Japan’s Data Governance Reforms Face Challenges across the G20

By Mayaz Alam —

Prime Minister Shinzo Abe of Japan hosting the G20 Osaka Summit on June 29. 2019. Source: GovernmentZA’s flickr photostream, used under a creative commons license.

Global economic growth “is fueled no longer by gasoline, but more and more by digital data,”  Prime Minister Shinzo Abe of Japan declared during his keynote speech at the World Economic Forum at  Davos in January. Citing the integral role that technology plays in the modern economy, he announced that he wanted this year’s Group of 20 (G20) in Osaka to be “remembered as the summit that started world-wide data governance.” In doing so, Prime Minister Abe is trying to assert global leadership on a critical issue.

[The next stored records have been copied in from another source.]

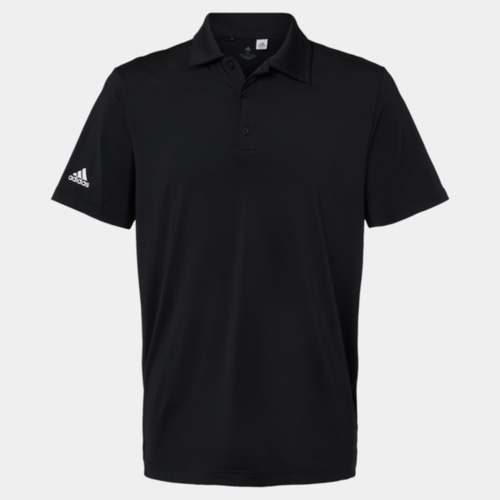 Men's Ultimate365 Solid Polo Thumbnail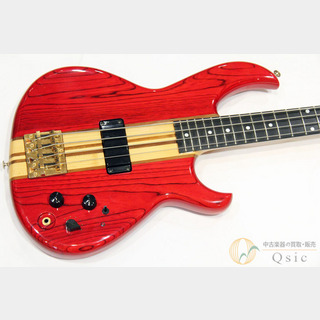 エレクトリック・ベース、Aria Pro IIの検索結果【楽器検索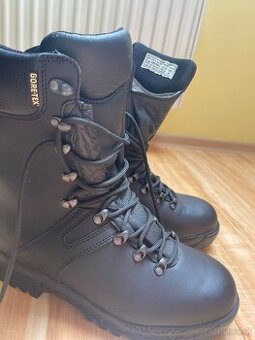 Kanady goratex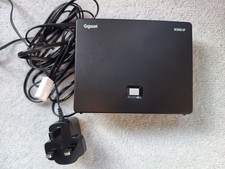 Gigaset n300 voip for sale  LONDON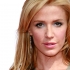 Poppy Montgomery Fotoğrafı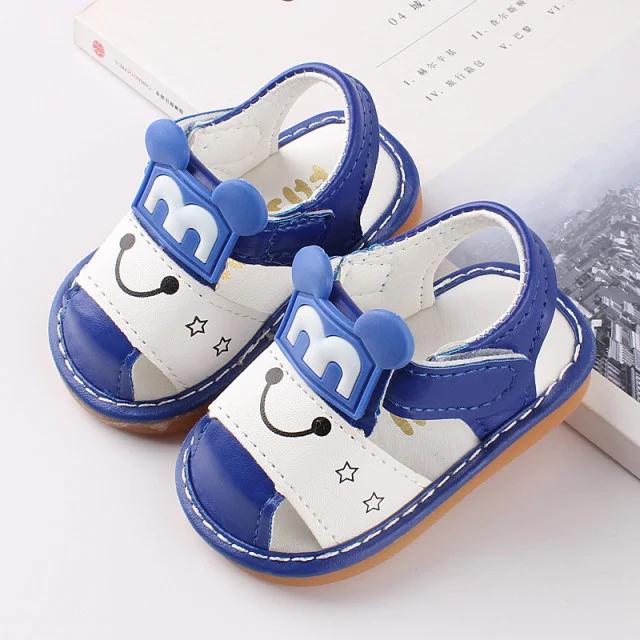 Sandal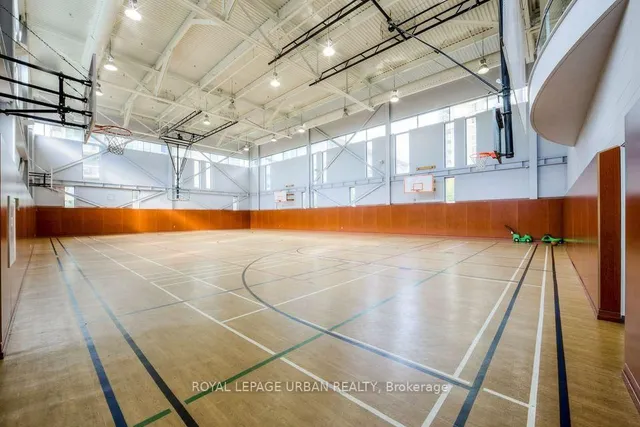 Additional image 19 of 35 Mariner Terr Unit 1102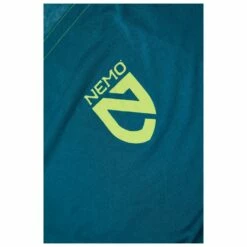 Nemo Tracer - Travel Sleeping Bag -camping sale nemo tracer travel sleeping bag detail 3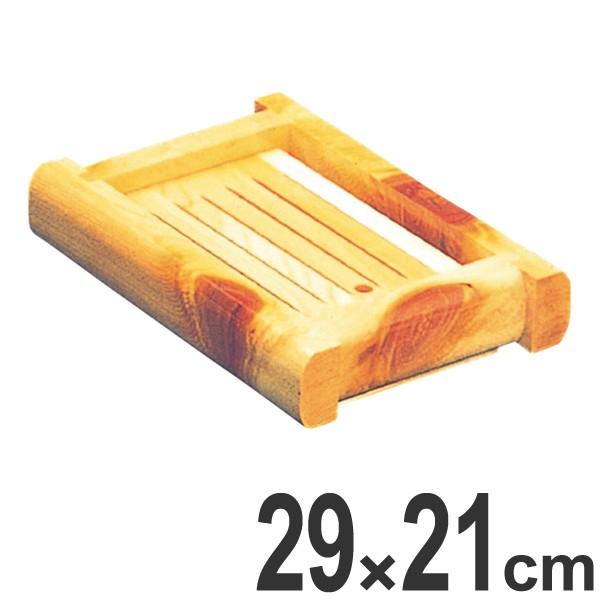  ؐ O 䌅  M H hg  H M i M 務   aH M   j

Despite Prime Minister Abe’s best efforts, however, only 17 of the G20 members signed onto the Osaka Declaration on Digital Economy. The “Osaka Track” for global data governance must now address a host of challenges ranging from digital protectionists across the G20 to gridlock at the World Trade Organization (WTO).

What is the Osaka Track?

Data gathering is an unavoidable part of modern life. Individuals generate data with their activities, which companies and governments then use to provide users and citizens services. With technological advances in artificial intelligence and the internet of things potentially adding trillions to the world economy, data governance has taken on new importance. The Osaka Track aims to address a global issue with a global solution to avoid a patchwork of regimes, which would inhibit economic activity and create different privacy standards.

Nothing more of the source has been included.